Take the entries below and print, exactly, the stretch from the line containing "Afrika_2019" through the line containing "Erdek kedilerine katliam mı?", both included.

■ **ENTRIES SUPPLIED**
'''

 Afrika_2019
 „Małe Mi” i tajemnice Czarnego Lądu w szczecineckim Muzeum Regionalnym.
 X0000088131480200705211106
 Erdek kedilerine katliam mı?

'''
'''

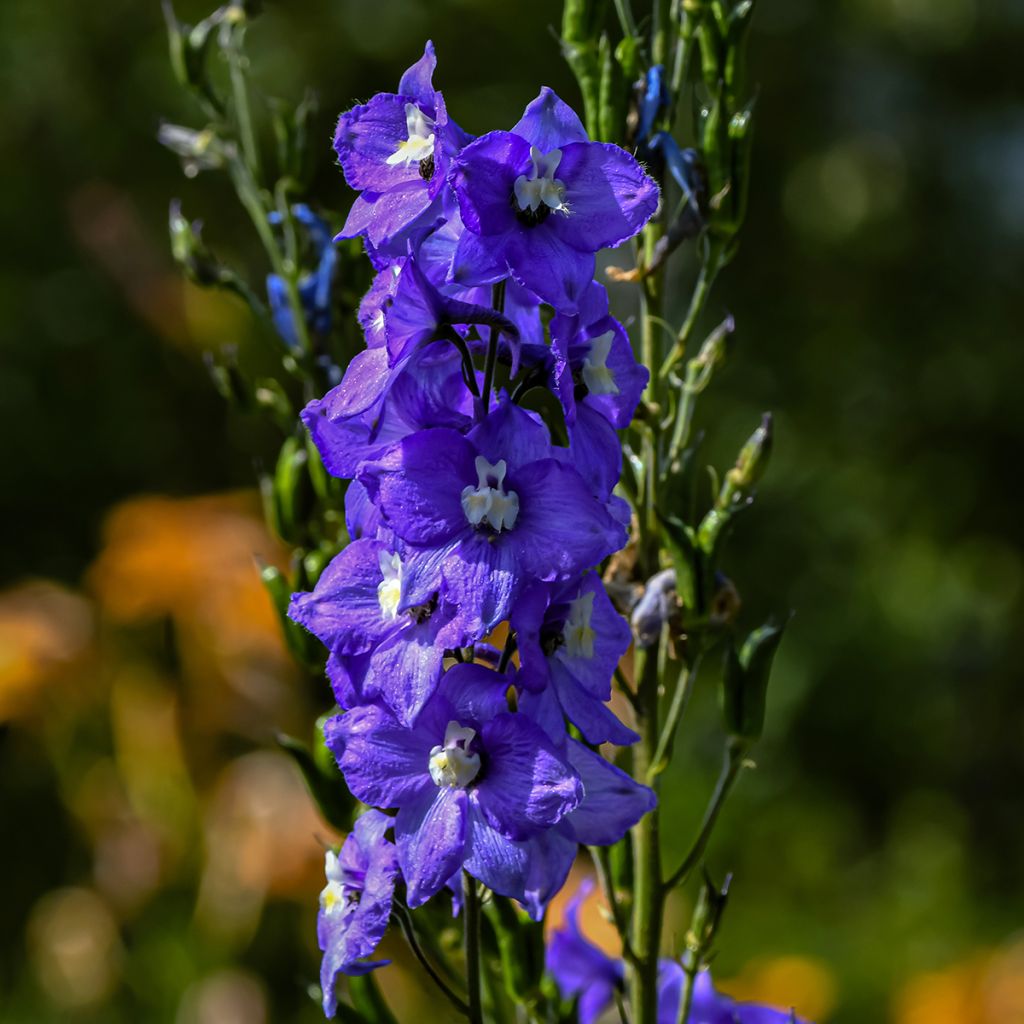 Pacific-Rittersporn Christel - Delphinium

'''
'''

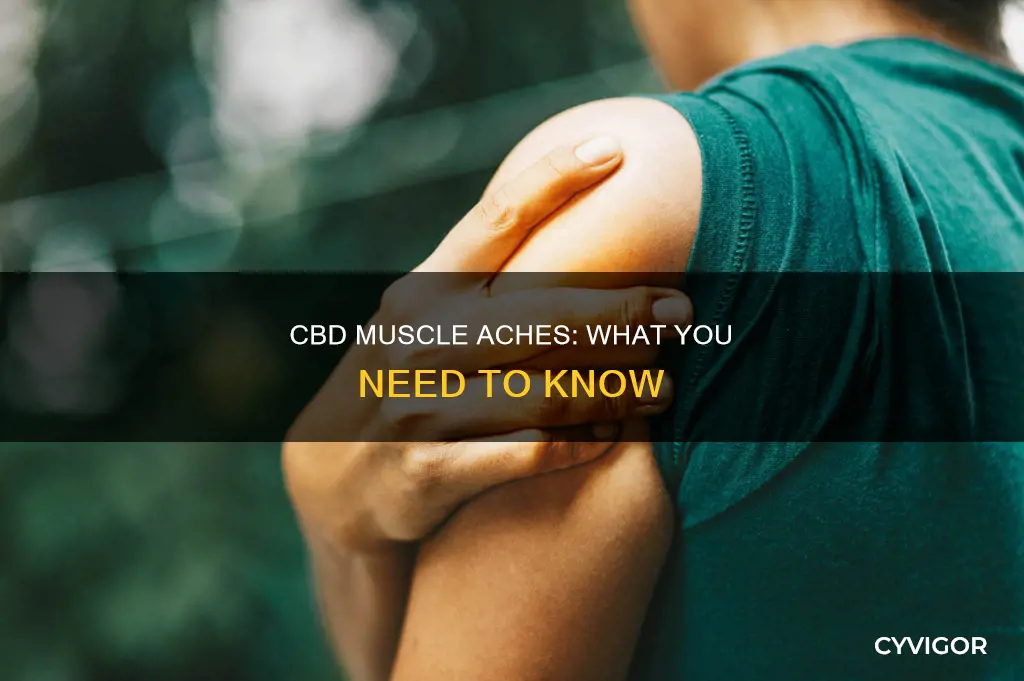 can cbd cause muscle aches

'''

■ **ANSWER**
 Afrika_2019
 „Małe Mi” i tajemnice Czarnego Lądu w szczecineckim Muzeum Regionalnym.
 X0000088131480200705211106
 Erdek kedilerine katliam mı?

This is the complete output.